▶ **Instructions for the task**
Only the lines from the one with "45 Queens Ct, Frostproof, FL 33843" through the last line of the material below belong in the answer, copied exactly and without pictures.
*** Opening Data shown ***
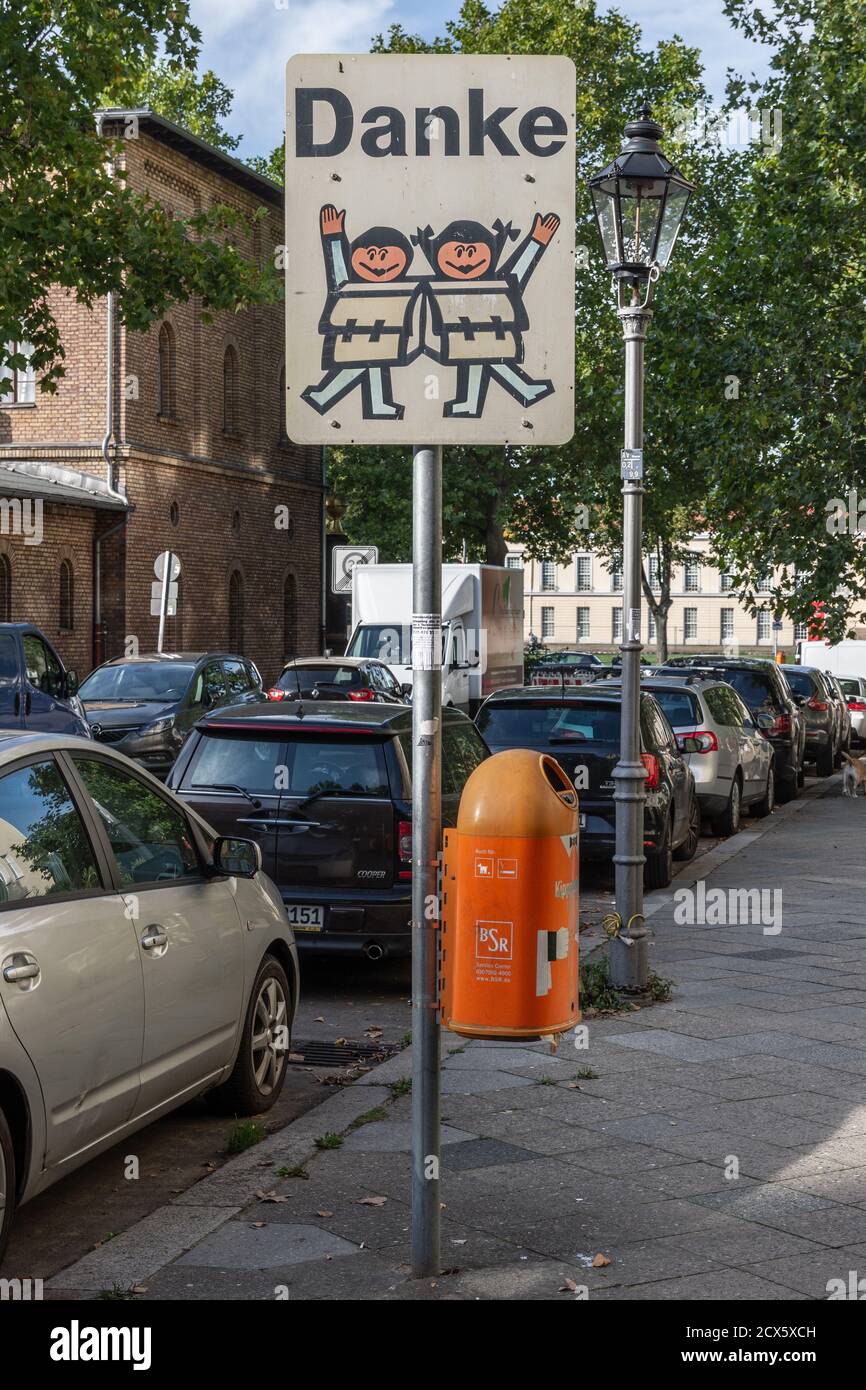 Informazioni segno zona scuola Foto Stock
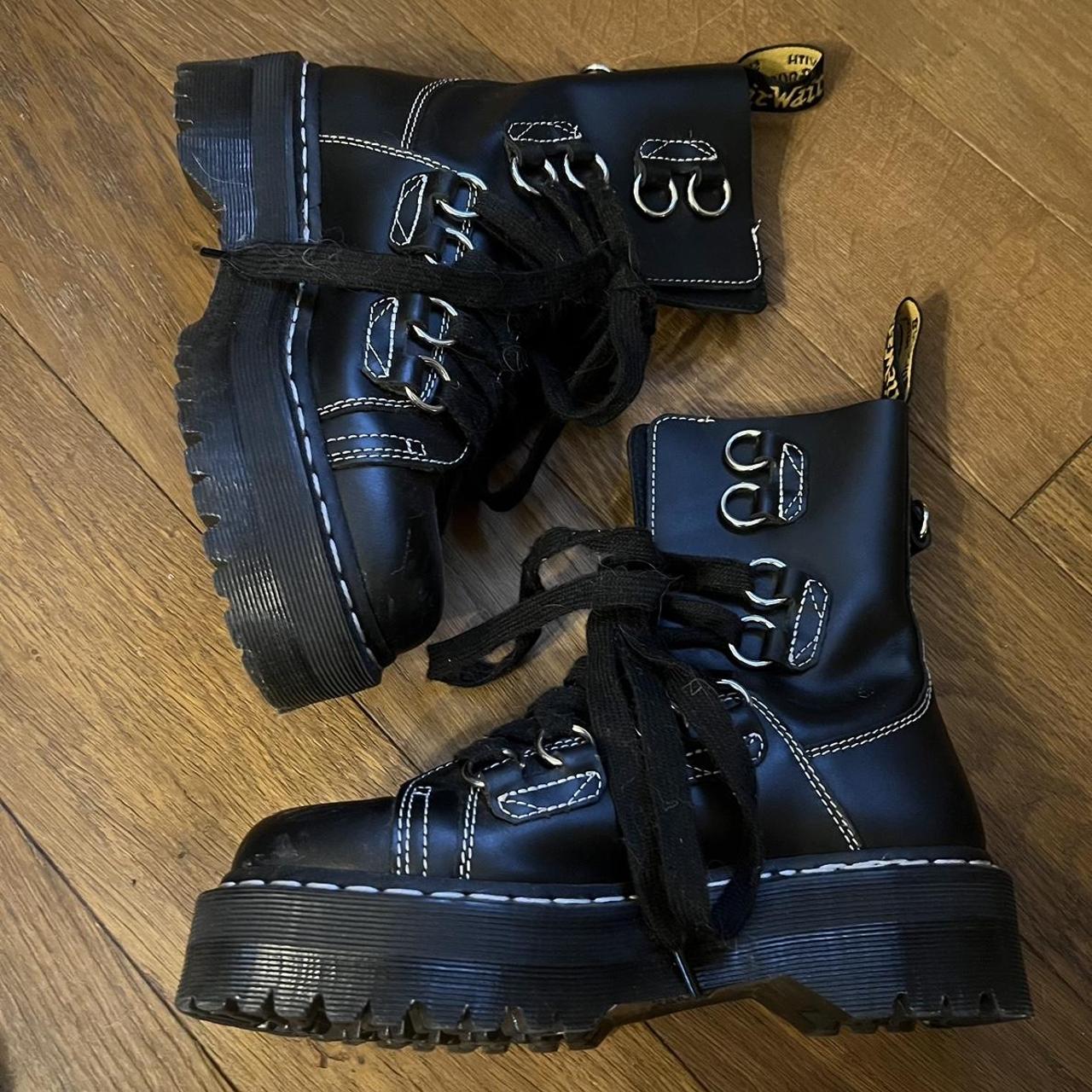 jadon dr martens size 4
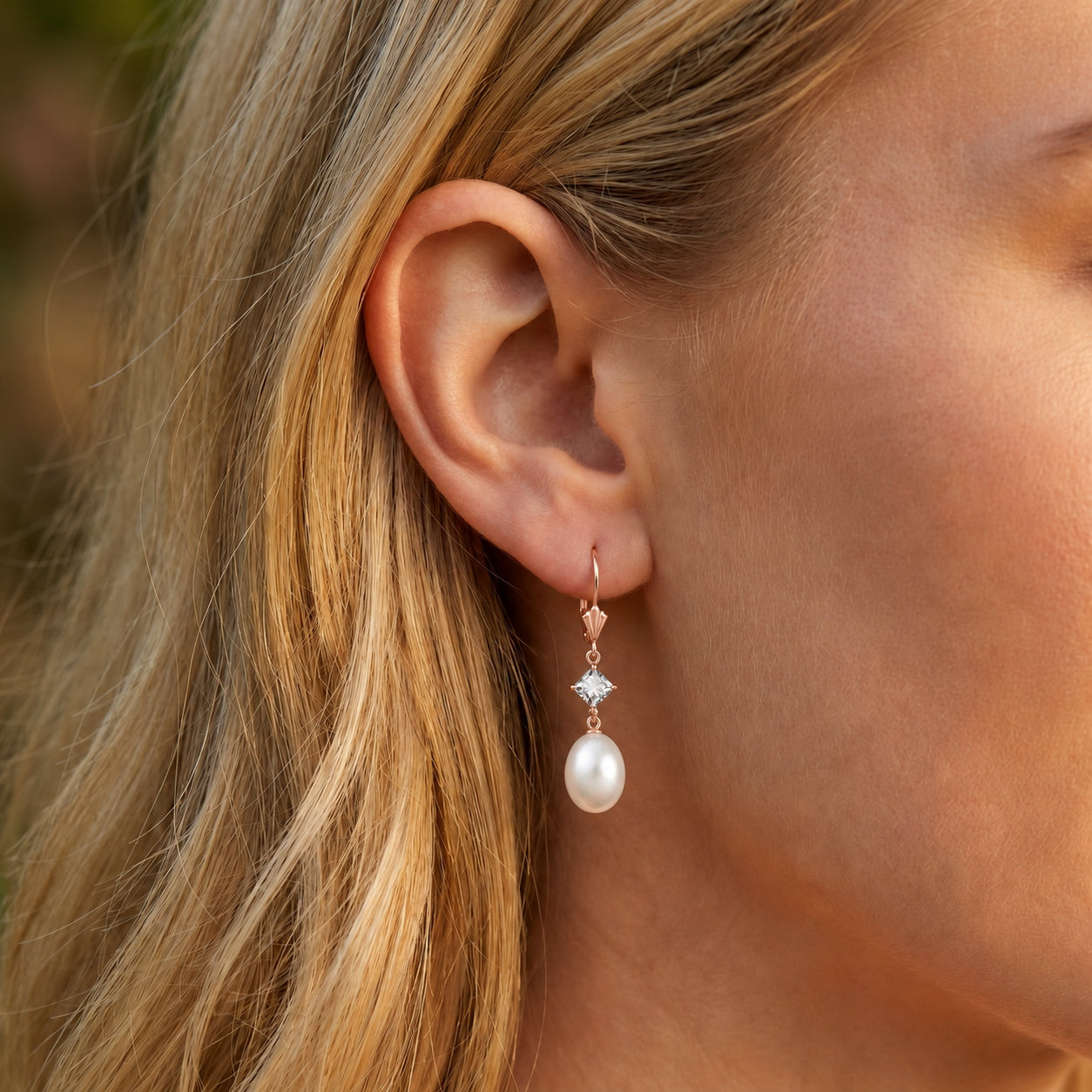 Rose Gold Petal Earrings Pearl 10K — Fabiola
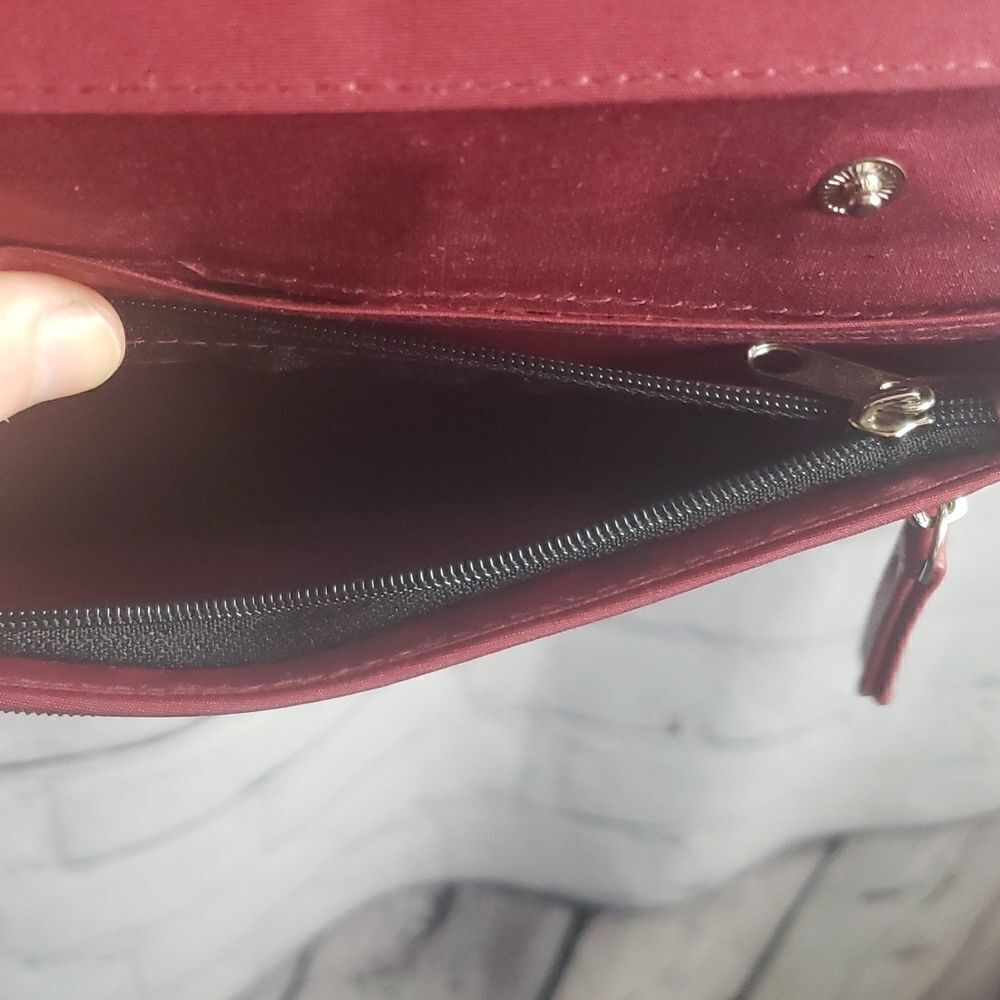 Safe Keeper's Red Wallet - Picture 3 of 4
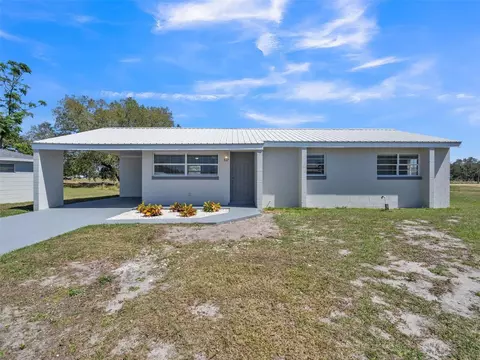 45 Queens Ct, Frostproof, FL 33843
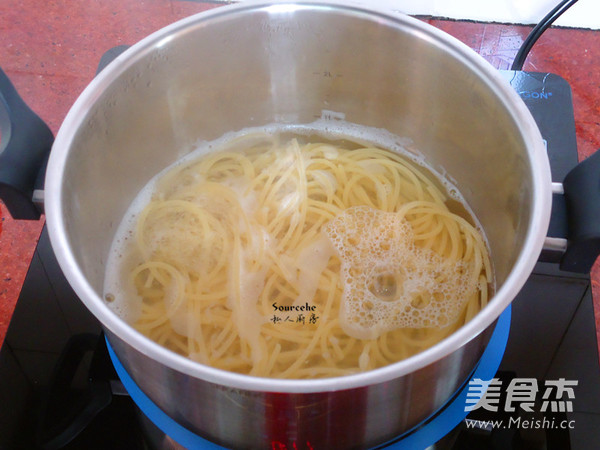 香菇肉末酱拌意面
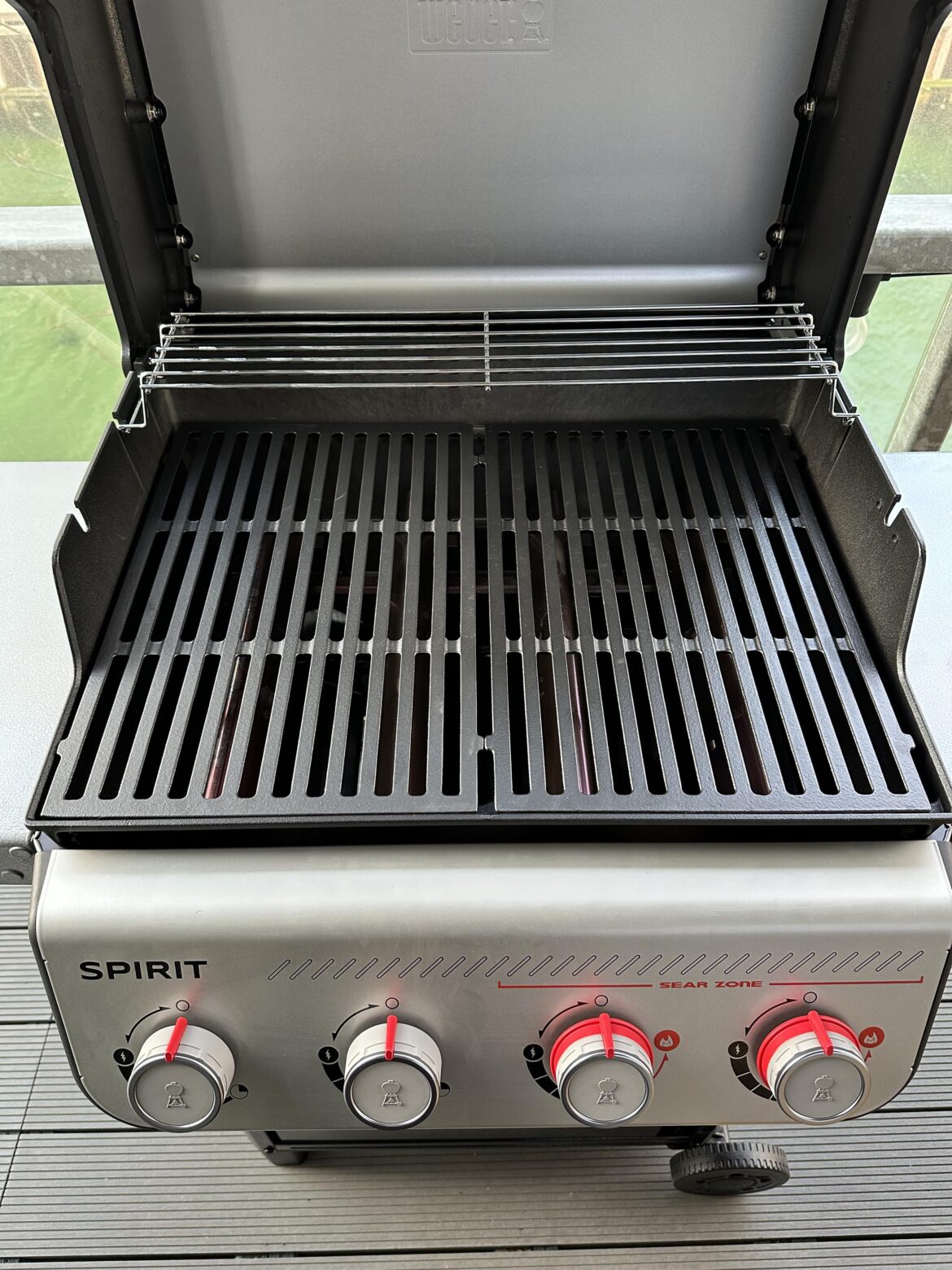 Replaced the Weber Crafted grates that comes with the new Spirit 425 with Weber's two piece grates. So much better and easier to work with.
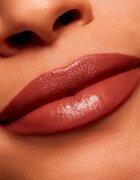 MAC Cosmetics Powder Kiss Velvet Blur Slim Stick hidratáló matt rúzs árnyalat Spice World 2 g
*** Closing Data shown ***
▶ **Problem solution**
 45 Queens Ct, Frostproof, FL 33843
 香菇肉末酱拌意面
 Replaced the Weber Crafted grates that comes with the new Spirit 425 with Weber's two piece grates. So much better and easier to work with.
 MAC Cosmetics Powder Kiss Velvet Blur Slim Stick hidratáló matt rúzs árnyalat Spice World 2 g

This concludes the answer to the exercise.